En una aparente sucesión cronológica pero que obedece a un desarrollo “lógico” [1], es decir, al salto que se verifica en el pasaje de la animalidad al surgimiento de la subjetividad o del “yo”, Georges Bataille inicia su análisis desde el plano de la vida animal, que, considerada desde un punto de vista estrecho, puede ser representada como la inmanencia y la inmediatez.
Concebida desde la perspectiva de la indiferencia no reglada de la fuerza, la inmanencia del animal con respecto a su medio se cifra en la situación paradigmática, y particular, de un animal que come a otro animal. Pues en el acto de devorarse las especies unas a otras no hay una posición del objeto como tal. Lo fundamental es aquí la similitud que atraviesa la relación entre los animales, “que se basa en que el animal que come al otro no distingue aquello que come como nosotros distinguimos un objeto” [2]. Por el contrario: el animal devorado no es considerado desde una perspectiva objetual, no hay entre el ser vivo devorado y el devorador una relación de subordinación como la que une al hombre con sus útiles.
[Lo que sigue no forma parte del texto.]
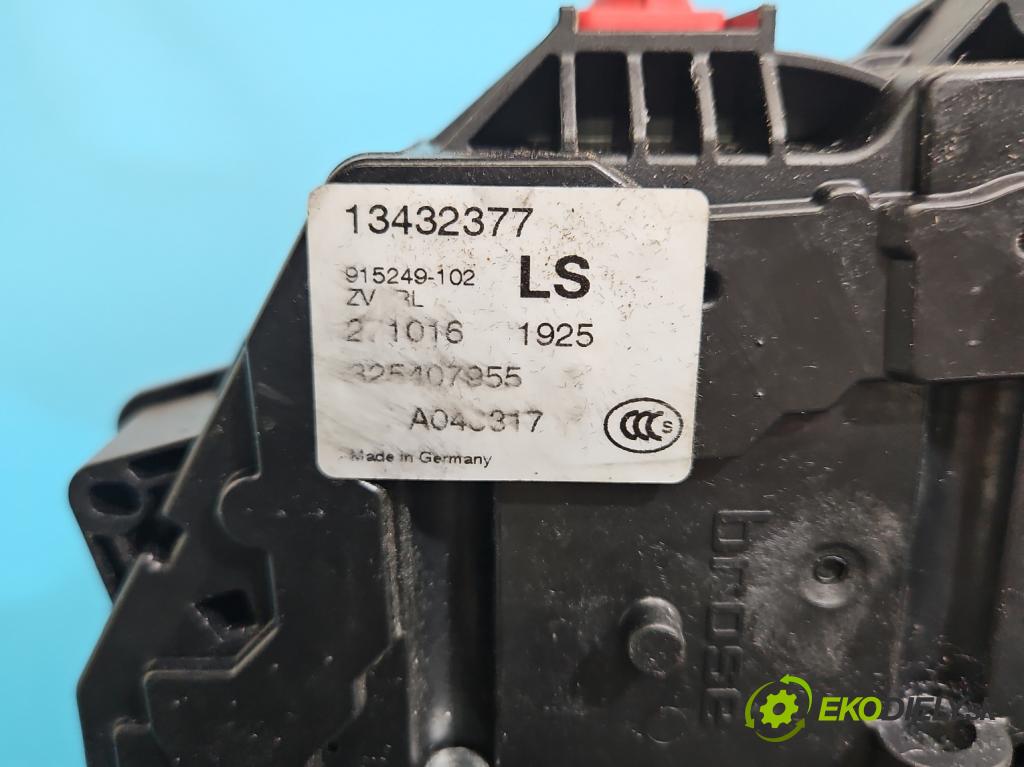 Opel Meriva B 2010-2017 1.4 16V 101 HP manual 74 kW 1398 cm3 5- zámok zadné pravý 13432377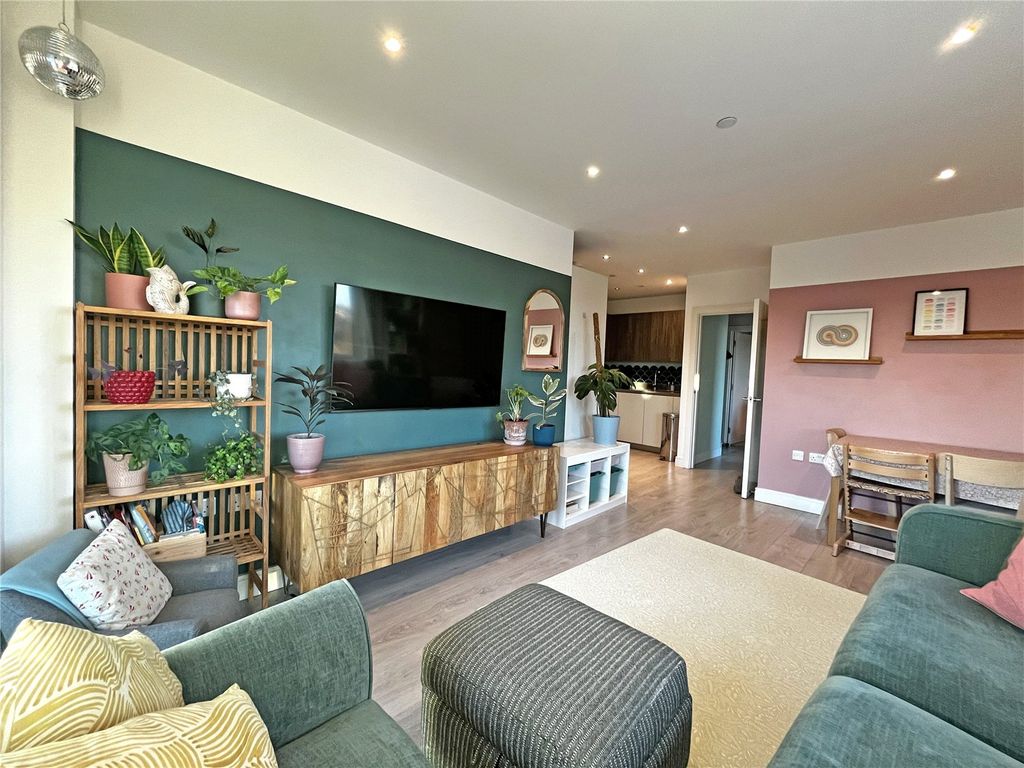 Property photo 1 of 8 Picture No. 10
Entre los animales no hay más subordinación que la resultante de la fuerza. Nada se da en la naturaleza en la duración temporal. Sólo en la medida en que somos humanos el objeto se configura en el tiempo con su carácter aprehensible. Por el contrario, el animal comido es destruido en un más acá de la duración, es consumido y desaparece en un mundo donde nada es puesto fuera del tiempo actual, es decir, fuera del presente eterno de la inmanencia y de la inmediatez. Mientras que en la humanidad, el animal comido es matado y luego cocido, es decir se lo trata como a una cosa separada. Campo de posibilidades subordinadas al hombre, el útil que sirvió para matar al animal y el mismo animal retirado de la exuberancia sagrada, no conforman más que una relación de subordinación que encadena la violencia [3] e inmediatez de la naturaleza a un conjunto de operaciones racionales. Por ello mismo: “La apatía que traduce la mirada del animal tras el combate es signo de una existencia esencialmente igual al mundo en el que se mueve como el agua en el seno de las aguas” [4].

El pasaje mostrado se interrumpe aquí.